N.B.: You had drifted away from the description of tis-interpreter at some
point before you arrived to [https://trust-in-
soft.com/industries/rail/](https://trust-in-soft.com/industries/rail/) . While
nothing prevents you from finding tis-interpreter useful in application of EN
50128, the page was written with TrustInSoft Analyzer in mind. TrustInSoft
Analyzer is a static analyzer that propagates through the program sets of
values (“abstract values” is the technical term[2]) instead of the concrete
values corresponding to specific inputs that tis-interpreter propagates. As a
result, TIS Analyzer can guarantee the absence of unwanted behaviors for all
possible inputs. This is what makes it valuable from the point of view of
software safety.

[1] disclosure: by “them”, I mean “us”, since I'm a co-founder and work there

[2] see
[https://en.wikipedia.org/wiki/Abstract_interpretation](https://en.wikipedia.org/wiki/Abstract_interpretation)

------
jokoon
I wonder if there are enough statically compiled languages out there.

Not to be arrogant, but it doesn't seem new and/or recent languages are
picking up fast enough, because their syntax is just not simple enough. I see
many languages, and I never really find one that is interesting to me.

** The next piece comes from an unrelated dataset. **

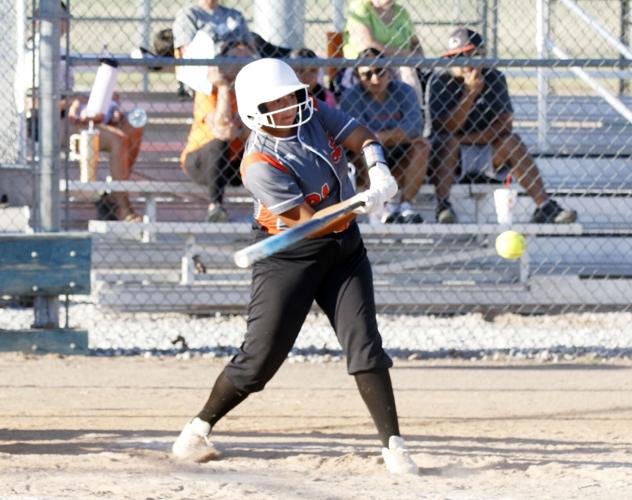 Jocelyne Morales-Contreras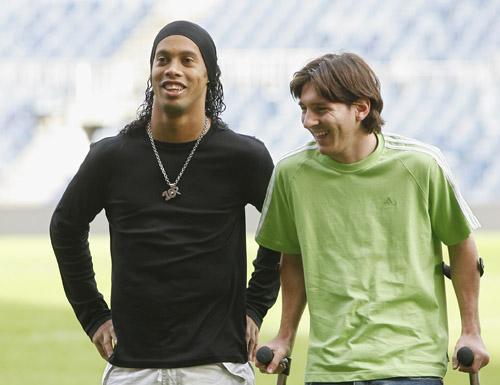 此次拉练中 此次拉练中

I recently found volt, and I thought this language was really awesome. Then I
realized that it is garbage collected.

D is fine, but it has too many high level constructs (OOP and al) which I
don't find useful. Rust is okay, but to me syntax matters most, and to me rust
is too far from C.

All of this shows that you cannot beat C.

I just want a language that picks up from C, has the ease of use and
readability of python, doesn't include high-level constructs as first class
citizen, and compiles to LLVM or machine code. I wish I had the skills to
build such language. C++ is close, but its slow compilation and its backward
compatibility with C are not good.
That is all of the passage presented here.